Bence kader ikidir. Bir Allah’ın yazdığı kıyamet günü, ölüm gibi belli kurallar ve kanunlardır, iki insanın yazdırdığı yani kendi elleriyle yaptıklarının karşılığıdır. Allah’ın yazdığı belirli bir kader mutlaka gerçekleşecek olandır ama insanın kendi elleriyle yaptıkları kendine bağlıdır ve her an değişebilir. Güya şöyle bir olay olmuş;
Bir gün Hz. Musa, Hz. Âdem’e “Sen bizim babamızsın. Sen bizim ayağımızı kaydırıp Cennetten çıkardın.” demiş. Hz. Âdem de ona: “Ey Musa! Allah seni kelamıyla seçkin kıldı ve kudret eliyle senin için yazdı. Allah'ın beni yaratmadan kırk yıl önce bana takdir ettiği (yazdığı) şeyden dolayı beni kınıyor musun?” demiş.

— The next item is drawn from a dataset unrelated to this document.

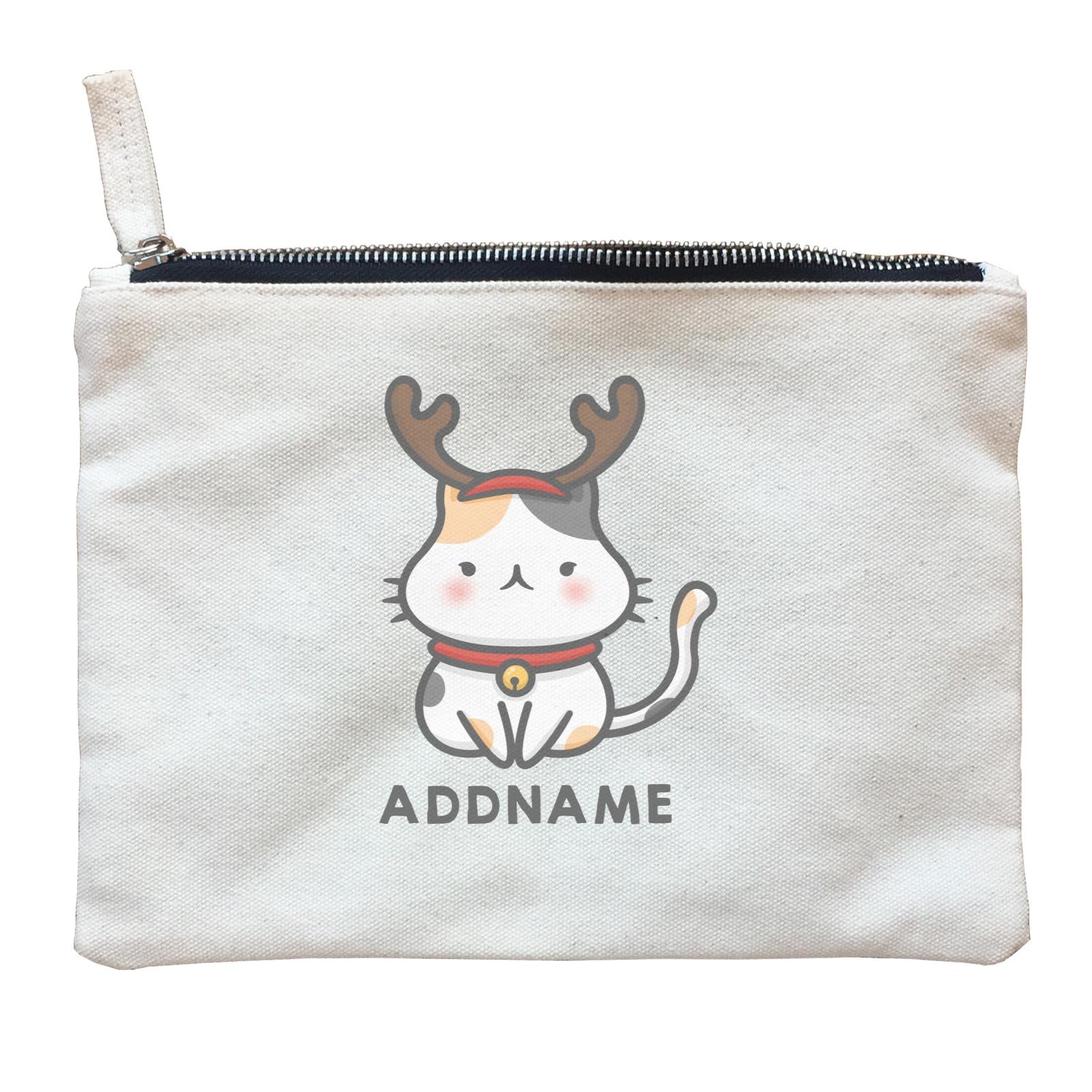 Xmas Cute Cat With Reindeer Antlers Addname Accessories Zipper Pouch
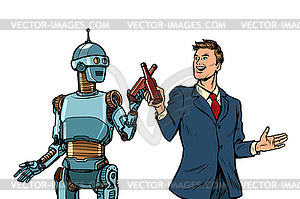 Businessman and robot cheers beer bottles. - vector clip art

Eğer böyle olacağı kırk yıl önce yazıldıysa ve Hz. Âdem de bunu biliyorsa neden o zaman Allah’a “Bizi affet biz kendimize zulmettik…” [39/23] dedi ve iki yüz yıl ağladı. O da şeytan gibi beni azdırmana karşılık veya (alnıma) böyle yazmana karşılık ben de şöyle - böyle yapacağım derdi ve şeytan gibi aşağılanmış olup, cennete bir daha hiç dönemeyecekti.

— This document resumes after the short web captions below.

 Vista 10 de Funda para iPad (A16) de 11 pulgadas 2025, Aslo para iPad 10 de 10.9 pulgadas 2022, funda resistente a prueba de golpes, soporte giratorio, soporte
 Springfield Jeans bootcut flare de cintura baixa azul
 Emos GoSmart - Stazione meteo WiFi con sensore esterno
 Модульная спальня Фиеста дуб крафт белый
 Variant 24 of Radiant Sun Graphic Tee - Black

Şimdi birisine arabana bin, aşağı doğru sal kendini, Allah ne yazdıysa alnına o olur desek, kimse buna yanaşmaz, hatta buna delilik der. O halde şunu diyebilir miyiz? Kader; insanın kendi elleriyle yaptıklarının, düşündüklerinin, merak ettiklerinin hatta hayal ettiklerinin sonucunda, belirli bir süreye kadar yapılan işler ve yaşanan hayattır. Yok alnına yazdı, burnuma yazdı, ağzıma yazdı diye bir şey yoktur. İnsan ne yaptıysa kaderi odur. En doğrusunu Allah bilir.

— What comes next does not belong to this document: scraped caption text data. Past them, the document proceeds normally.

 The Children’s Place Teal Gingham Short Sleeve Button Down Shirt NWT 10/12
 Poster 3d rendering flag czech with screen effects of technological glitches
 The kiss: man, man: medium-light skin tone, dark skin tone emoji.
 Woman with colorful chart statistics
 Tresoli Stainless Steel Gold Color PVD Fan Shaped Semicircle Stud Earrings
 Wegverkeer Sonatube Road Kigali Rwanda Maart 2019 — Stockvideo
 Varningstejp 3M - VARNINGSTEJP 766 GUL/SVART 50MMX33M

Muhyiddin Arabi’nin “alem Allah’ın gölgesidir” sözünü nasıl anlamalıyız ?
Muhyiddin Arabi, Allah’ın selamı onun üzerine olsun, burada bir benzetme tabiri kullanmıştır. Mesela gizli gizli işler yapıp belli etmeyen kişilere “saman altından su yürütüyor” benzetmesinin yapıldığı gibi. Alem Allah’ın gölgesi demek, O’nun varlığının kanıtı, hiçbir şeyin O’ndan ayrı olmadığını ve her şeyin O’na dönücü olduğunu belli etmektir. Güneşin gölgesi olmadığı gibi Allah’ın gölgesi de olamaz. Çünkü güneş Allah’ın “Nur” isminin temsilidir. Allah bu aleme bakılarak hem bilinir hem bilinmezdir. Çünkü nasıl bir insanın gölgesinden onun nasıl birisi olduğunu anlamıyorsan (huy, kaş, göz, renk) gibi, Allah’ı da bu âleme bakarak bilmek imkansızdır. Bu yönüyle O hem bilinir hem bilinmezdir. Ve O’nun varlığı da ancak kendi aynıyla ortaya çıkar. Güneşi gölgeye delil kılması bundandır. İnşallah anlaşılmıştır. En doğrusunu Allah bilir.
Peki dünyada yapılan savaşlar, adaletsizlikler, terör ve yapılan diğer kötülükleri nasıl açıklayacağız?
Şu çok açıktır ki eğer biz Allah’ı hakkıyla bilmeye çalışsaydık ve Kur’an-ı Kerim ahlakıyla büyüseydik, oradaki geçmiş kavimlerin yaptığı yanlışlardan ders çıkarsaydık, peygamberlerin kişiliklerini örnek alsaydık, bugün biz bu dünyada ne savaşlarla, ne terör belası ile ne adaletsizliklerle ne hak yemelerle ne kadın dövme öldürmelerle, ne üç kâğıtçılarla ne de namussuzluklarla uğraşıyorduk. Bunlarla geçireceğimiz zamanı daha güzel şeylere harcayabilirdik. Ondan sonra isteyen yine doktor olsaydı veya ressam ya da bilim adamı. Herkes hoca olacak veya Kur’an âlimi olacak diye bir şey yoktu. Şu da bir gerçektir ki, eğer bir insanın kalbinde hastalık (kötülük) varsa bu, hangi doktora giderse gitsin, hangi ilacı içerse içsin, ne kadar tedavi görürse görsün o düzelmez. Bunun ilacı da ancak şudur;
Ey insanlar! İşte size Rabbinizden bir öğüt, kalplere bir şifa ve inananlar için yol gösterici bir rehber ve rahmet (olan Kur’an) geldi. (Yunus Suresi, 57)
Ben üzerime düşen bazı hatırlatmaları yapmaya çalıştım. Allah hepimize hidayetlik versin ve bizi affetsin. Amin.